That you have trouble with it doesn't surprise me. I've had trouble working my way through these issues for many years, and they aren't simple. If they could be explained easily in a handful of internet posts, that would be very nice, but they can't be. I appreciate that you don't understand my arguments about the moral imperative, and I sympathise. But they aren't my ideas, actually; they're based almost entirely on the contemplation, long and deep, of some of the best thinking of some of the most sharply honed minds there have ever been. I don't claim that what I say is right; I do claim that it is as well informed as I've been able to make it.

Now. The fact that you haven't understood my argument is, as I say, something I sympathise with - after a life full of struggling to understand things I don't understand. But a failure to grasp an argument does NOT constitute a refutation of it. Neither does it justify talk of wishful thinking and intellectual dishonesty on the part of the person who tried to explain the argument.

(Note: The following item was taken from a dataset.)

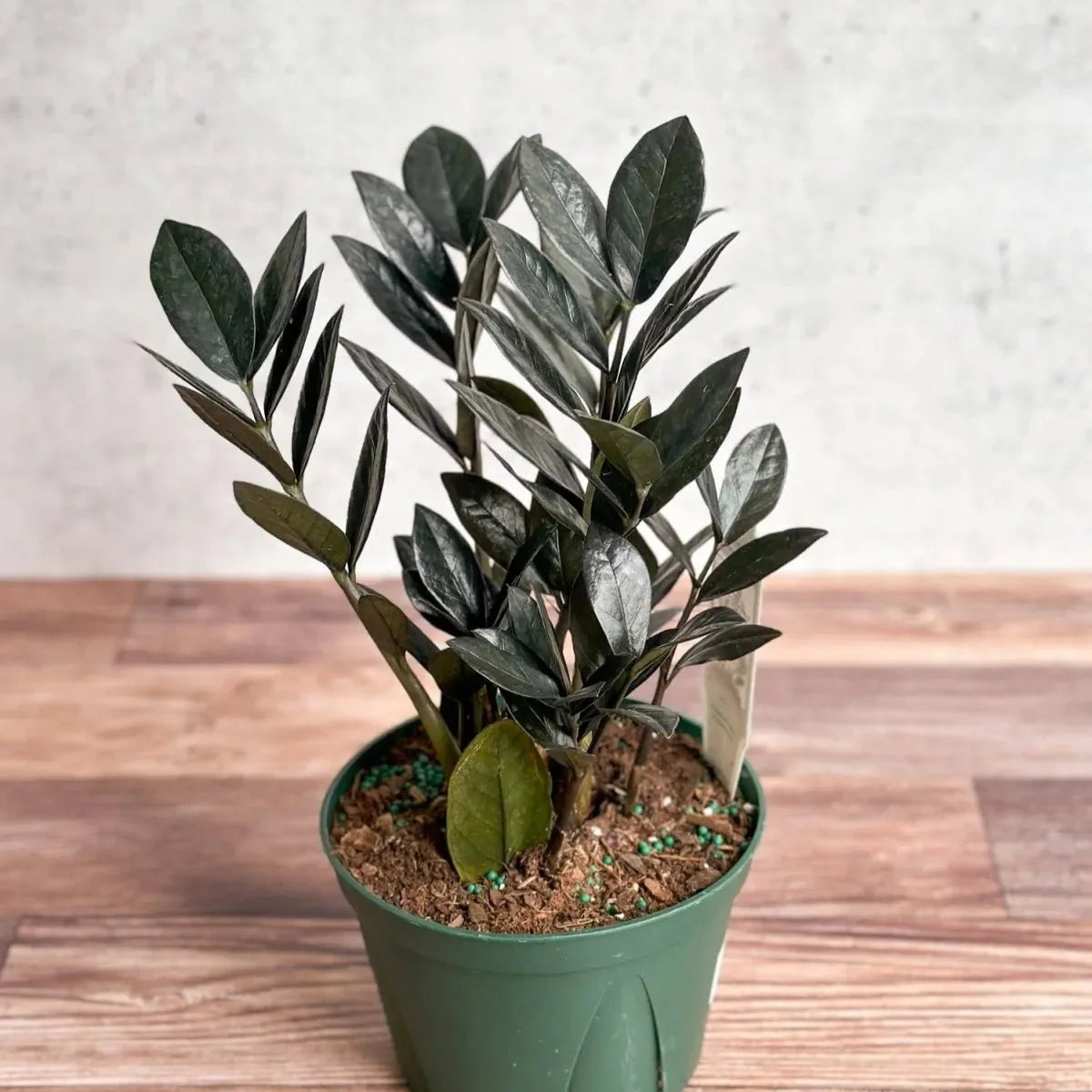  Zamioculcas Zamiifolia 'Raven ZZ'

The final outcome is: I quit.


----------



## Polednice

I think I was fairly clear in saying that your argument _sounded to me_ like wishful thinking (thus not a direct derogatory accusation, especially given that my general tone in this thread has been genuine and genial), and my statement that intellectual honesty is about accepting hard facts said nothing in particular of where you fit in terms of such honesty. It was a general observation _just in case_ my characterization of your position was correct (and, by the way, I would defend my observation no matter how much heartfelt thought had been put into an idea that opposes that principle), but I thought it was obvious that, as is most often the case, I was open to you telling me that I had simply misunderstood.

Indeed, as usual, my post was an invitation for you to clarify your points, while demonstrating what I needed to be clarified by expressing my reaction. I believe I did this in a polite manner, without pointing any fingers or directing any cruel comments, but the internet is as bad at delivering philosophical consistency as it is at conveying tone.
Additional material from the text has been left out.